THE TASK: In the copy, include every record below exactly as it appears, but no pictures.

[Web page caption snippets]
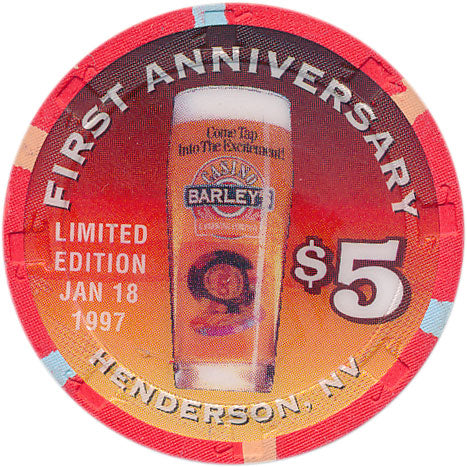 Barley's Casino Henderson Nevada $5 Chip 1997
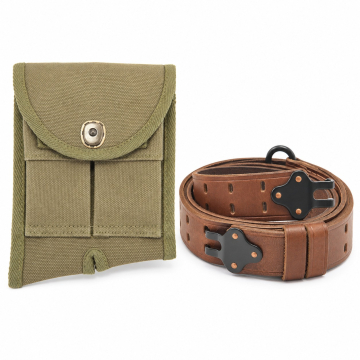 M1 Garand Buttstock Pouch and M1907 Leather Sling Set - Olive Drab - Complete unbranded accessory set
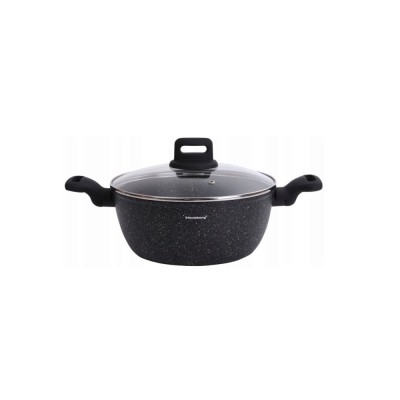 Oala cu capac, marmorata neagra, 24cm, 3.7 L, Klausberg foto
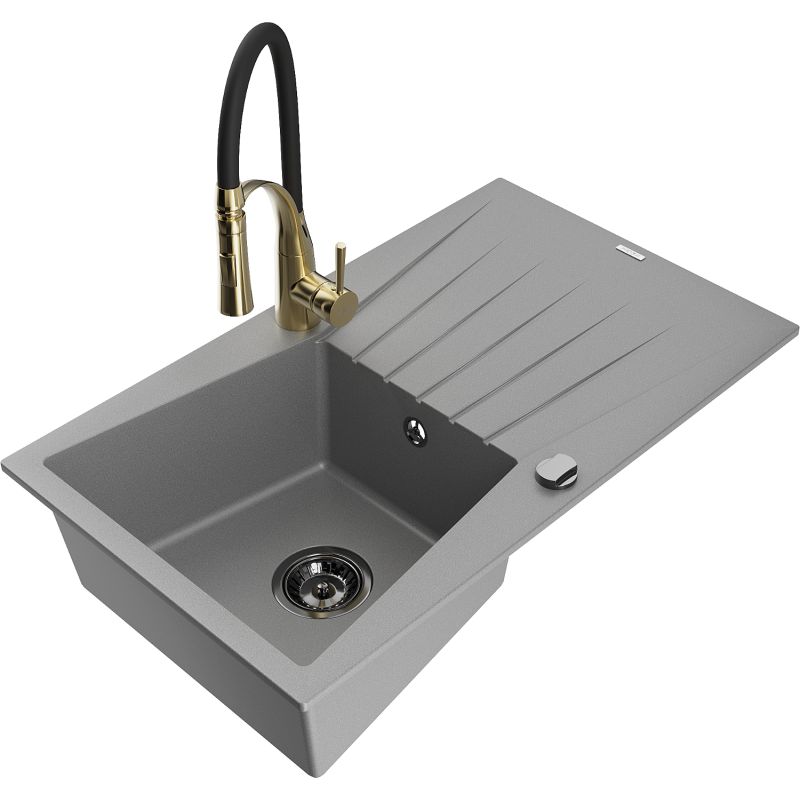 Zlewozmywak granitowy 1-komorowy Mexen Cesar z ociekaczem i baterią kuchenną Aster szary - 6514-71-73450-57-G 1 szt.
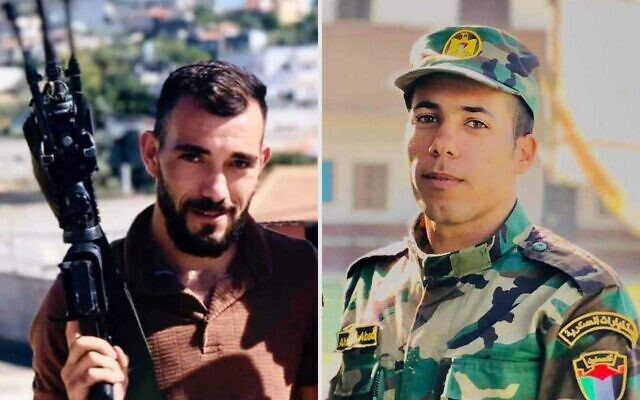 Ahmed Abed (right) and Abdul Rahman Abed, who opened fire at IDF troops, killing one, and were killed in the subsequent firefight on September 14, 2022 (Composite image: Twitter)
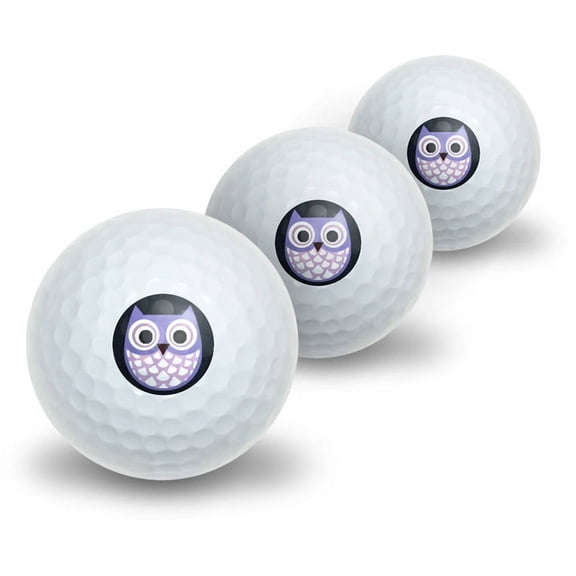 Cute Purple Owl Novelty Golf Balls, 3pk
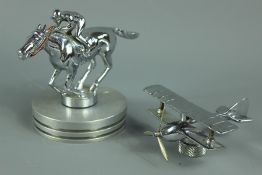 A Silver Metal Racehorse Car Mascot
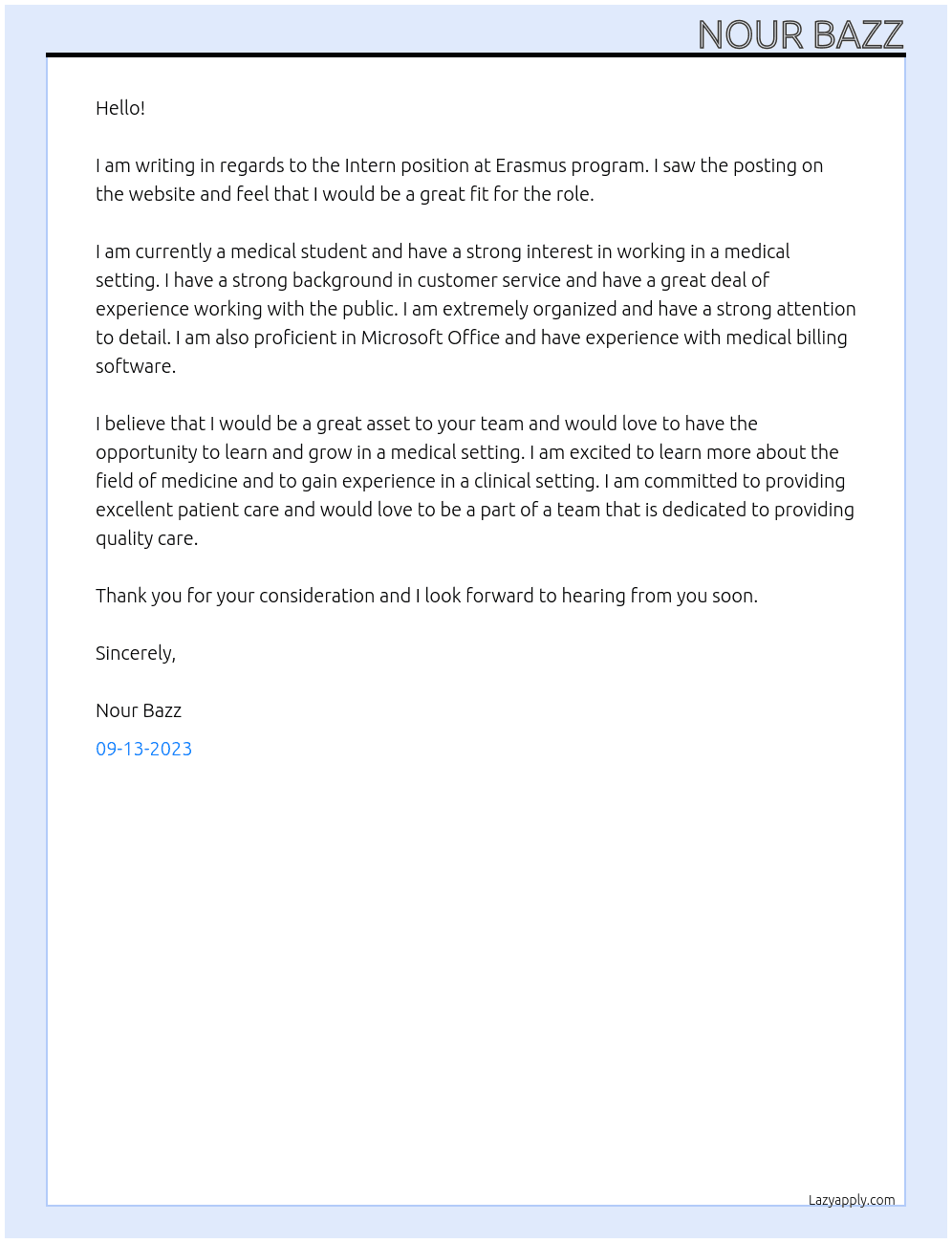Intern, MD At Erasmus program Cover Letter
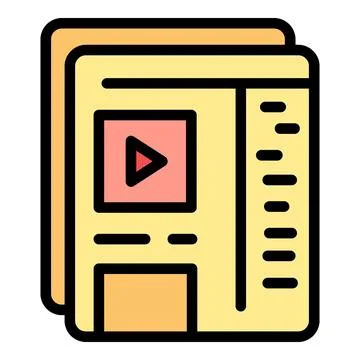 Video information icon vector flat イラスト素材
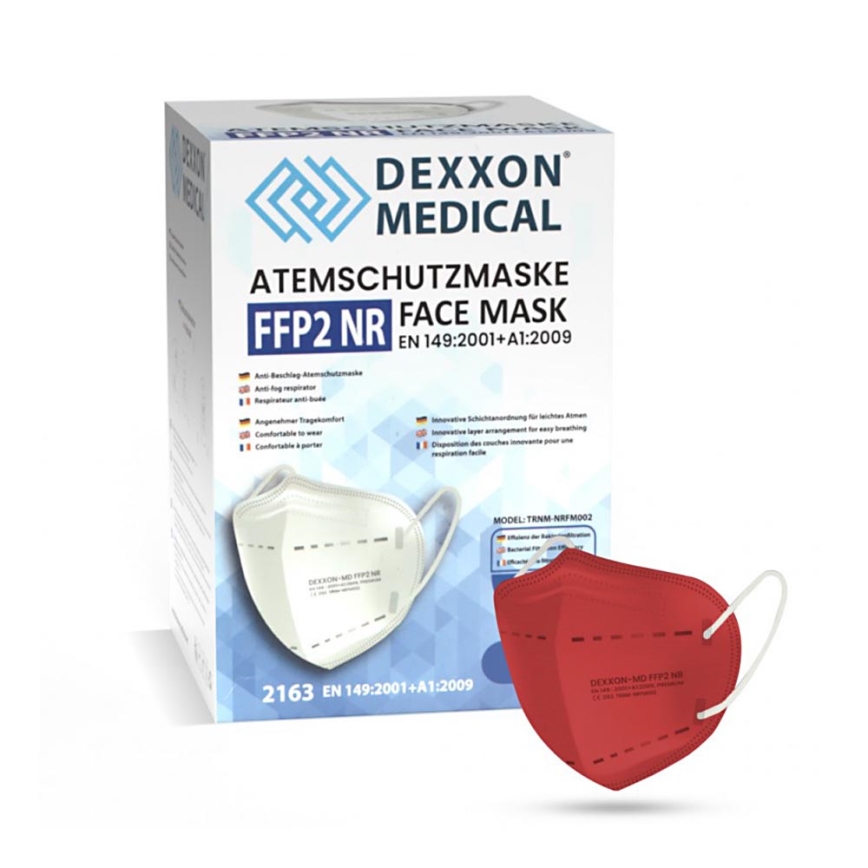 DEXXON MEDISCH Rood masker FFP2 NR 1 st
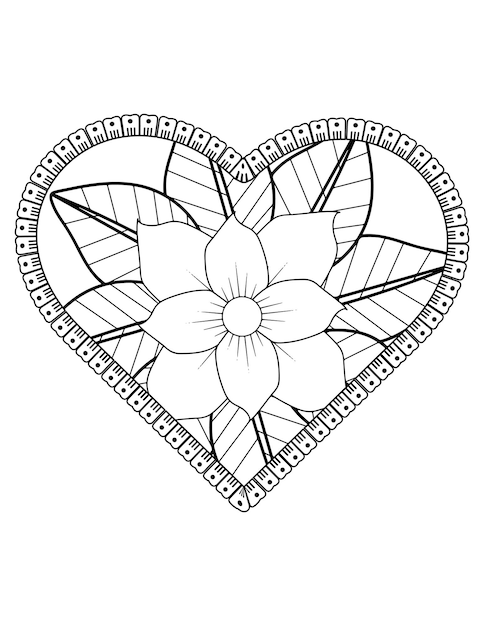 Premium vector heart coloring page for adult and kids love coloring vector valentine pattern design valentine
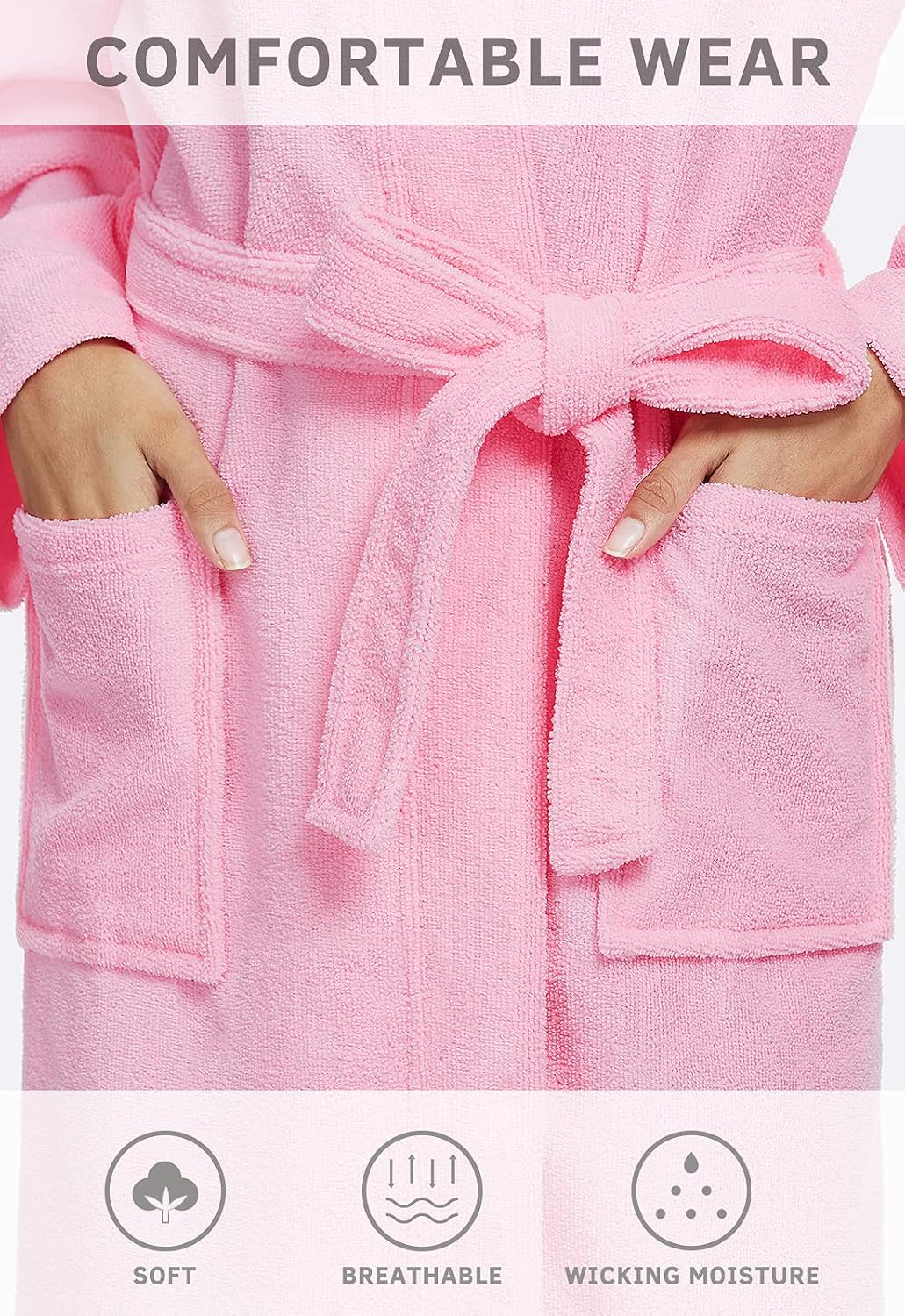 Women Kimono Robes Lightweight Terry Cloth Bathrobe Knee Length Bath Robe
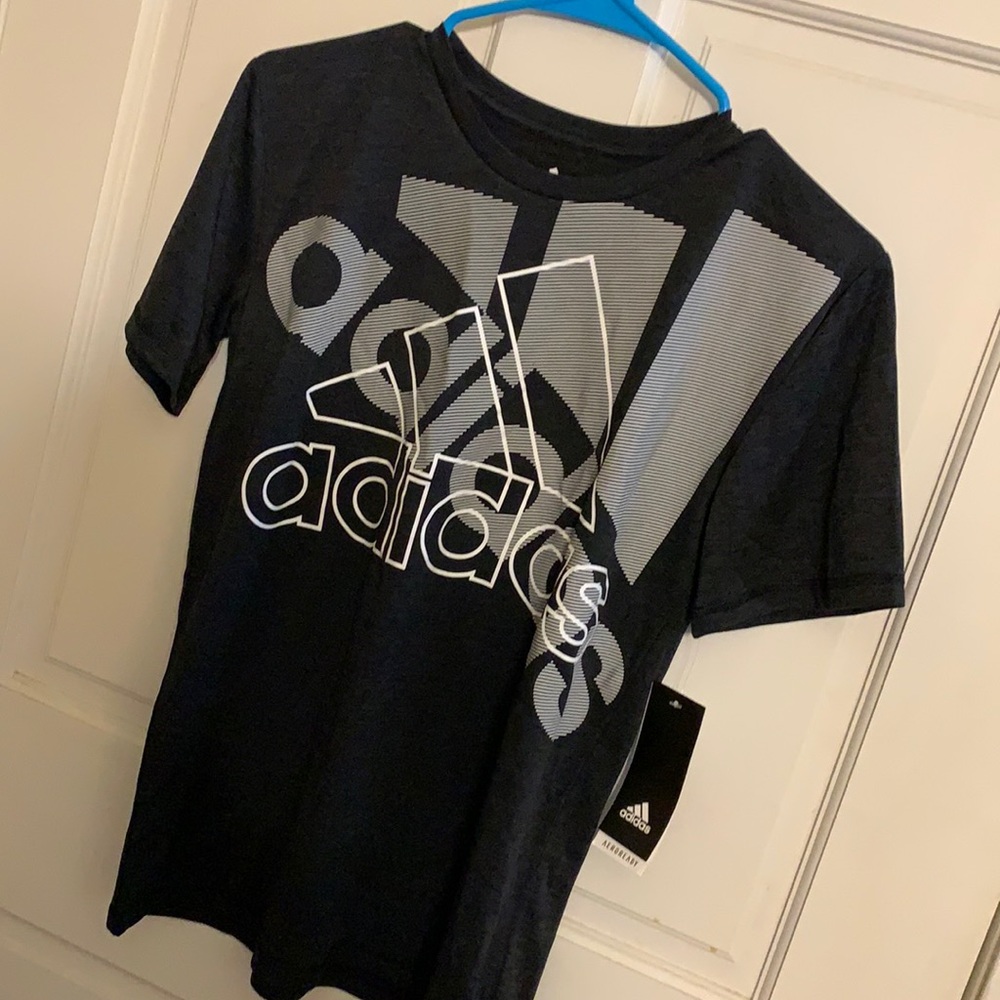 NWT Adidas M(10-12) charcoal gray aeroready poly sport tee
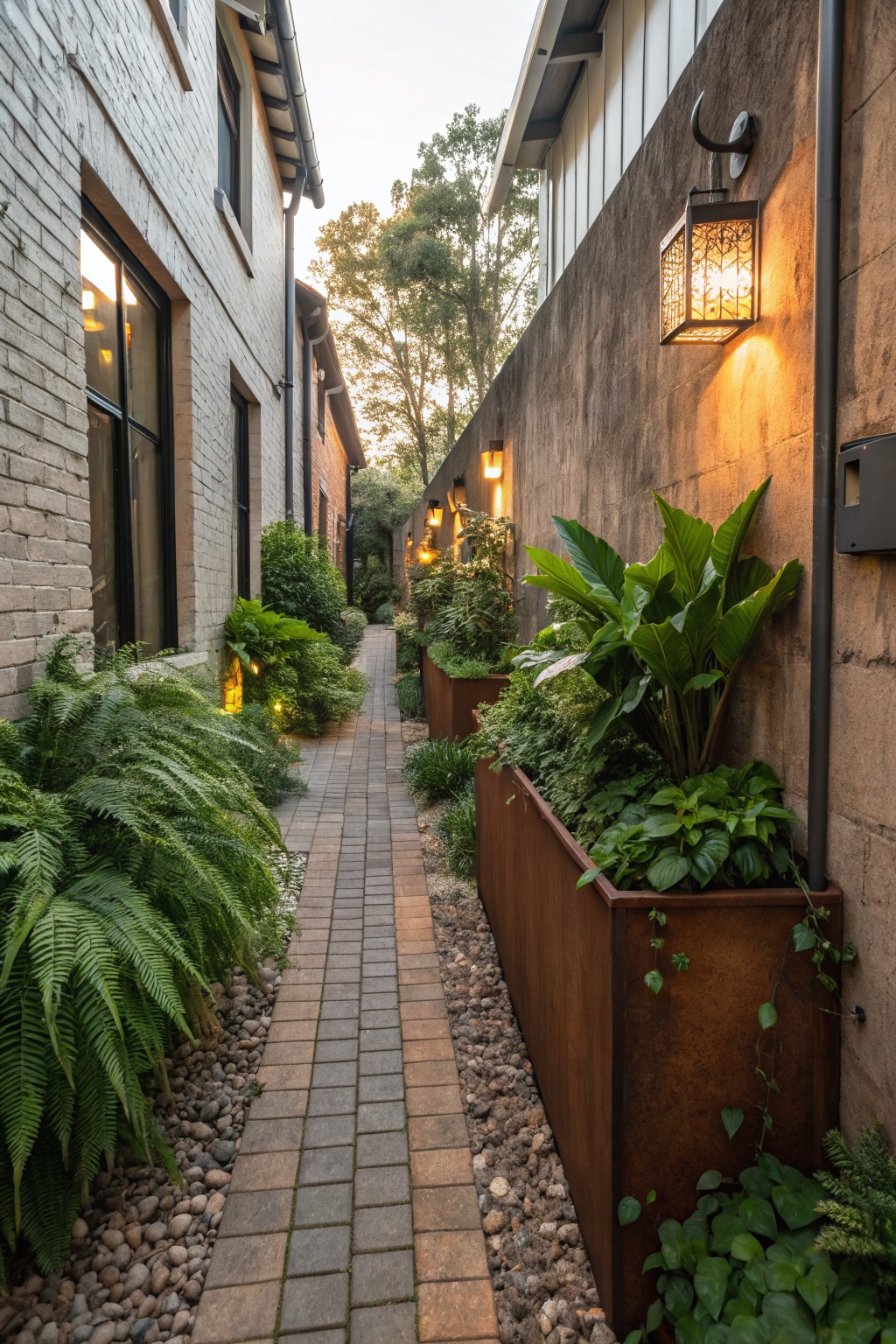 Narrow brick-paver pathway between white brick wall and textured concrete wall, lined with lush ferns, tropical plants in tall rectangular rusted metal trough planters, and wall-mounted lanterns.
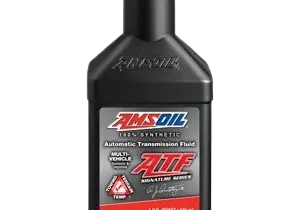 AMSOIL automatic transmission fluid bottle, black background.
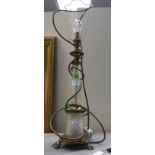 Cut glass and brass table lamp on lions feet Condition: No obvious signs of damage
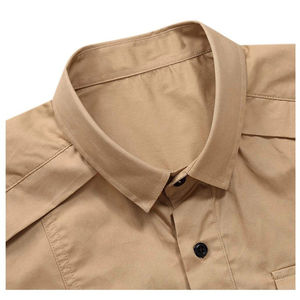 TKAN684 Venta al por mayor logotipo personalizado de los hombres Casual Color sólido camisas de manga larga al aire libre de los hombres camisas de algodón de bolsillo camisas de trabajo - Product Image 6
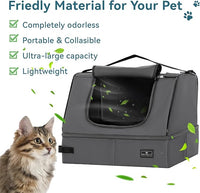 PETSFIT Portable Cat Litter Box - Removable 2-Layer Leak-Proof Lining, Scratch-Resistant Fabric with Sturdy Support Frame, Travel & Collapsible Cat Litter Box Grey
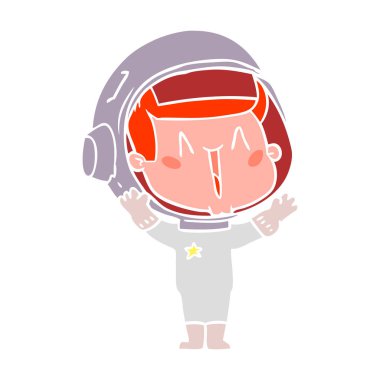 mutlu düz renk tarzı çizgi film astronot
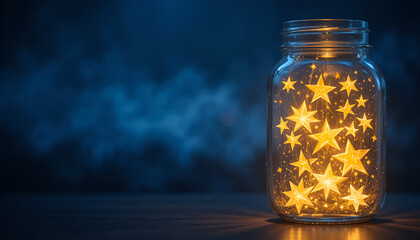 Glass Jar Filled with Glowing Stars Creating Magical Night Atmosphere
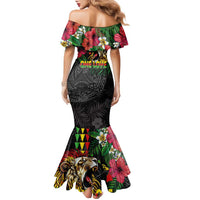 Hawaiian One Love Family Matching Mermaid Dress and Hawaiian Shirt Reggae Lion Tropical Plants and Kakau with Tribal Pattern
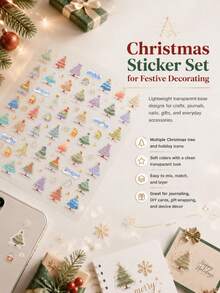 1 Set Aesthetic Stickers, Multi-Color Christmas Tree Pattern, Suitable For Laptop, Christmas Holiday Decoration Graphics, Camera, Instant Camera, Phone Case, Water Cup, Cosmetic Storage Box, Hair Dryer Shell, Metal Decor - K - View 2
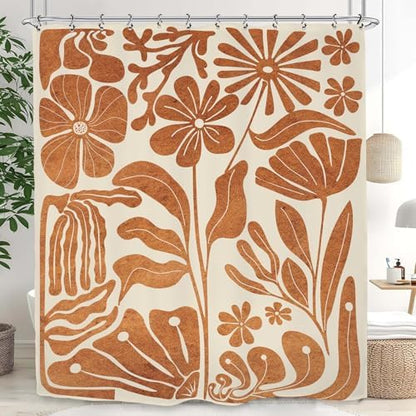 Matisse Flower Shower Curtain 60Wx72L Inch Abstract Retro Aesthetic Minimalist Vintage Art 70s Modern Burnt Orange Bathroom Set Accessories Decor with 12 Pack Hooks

WRITTEN SOLUTION:
 Barley's Casino Henderson Nevada $5 Chip 1997
 M1 Garand Buttstock Pouch and M1907 Leather Sling Set - Olive Drab - Complete unbranded accessory set
 Oala cu capac, marmorata neagra, 24cm, 3.7 L, Klausberg foto
 Zlewozmywak granitowy 1-komorowy Mexen Cesar z ociekaczem i baterią kuchenną Aster szary - 6514-71-73450-57-G 1 szt.
 Ahmed Abed (right) and Abdul Rahman Abed, who opened fire at IDF troops, killing one, and were killed in the subsequent firefight on September 14, 2022 (Composite image: Twitter)
 Cute Purple Owl Novelty Golf Balls, 3pk
 A Silver Metal Racehorse Car Mascot
Intern, MD At Erasmus program Cover Letter
 Video information icon vector flat イラスト素材
 DEXXON MEDISCH Rood masker FFP2 NR 1 st
 Premium vector heart coloring page for adult and kids love coloring vector valentine pattern design valentine
 Women Kimono Robes Lightweight Terry Cloth Bathrobe Knee Length Bath Robe
 NWT Adidas M(10-12) charcoal gray aeroready poly sport tee
 Narrow brick-paver pathway between white brick wall and textured concrete wall, lined with lush ferns, tropical plants in tall rectangular rusted metal trough planters, and wall-mounted lanterns.
 AMSOIL automatic transmission fluid bottle, black background.
 Cut glass and brass table lamp on lions feet Condition: No obvious signs of damage
 TKAN684 Venta al por mayor logotipo personalizado de los hombres Casual Color sólido camisas de manga larga al aire libre de los hombres camisas de algodón de bolsillo camisas de trabajo - Product Image 6
 PETSFIT Portable Cat Litter Box - Removable 2-Layer Leak-Proof Lining, Scratch-Resistant Fabric with Sturdy Support Frame, Travel & Collapsible Cat Litter Box Grey
 mutlu düz renk tarzı çizgi film astronot
 Glass Jar Filled with Glowing Stars Creating Magical Night Atmosphere
 Hawaiian One Love Family Matching Mermaid Dress and Hawaiian Shirt Reggae Lion Tropical Plants and Kakau with Tribal Pattern
 1 Set Aesthetic Stickers, Multi-Color Christmas Tree Pattern, Suitable For Laptop, Christmas Holiday Decoration Graphics, Camera, Instant Camera, Phone Case, Water Cup, Cosmetic Storage Box, Hair Dryer Shell, Metal Decor - K - View 2
 Matisse Flower Shower Curtain 60Wx72L Inch Abstract Retro Aesthetic Minimalist Vintage Art 70s Modern Burnt Orange Bathroom Set Accessories Decor with 12 Pack Hooks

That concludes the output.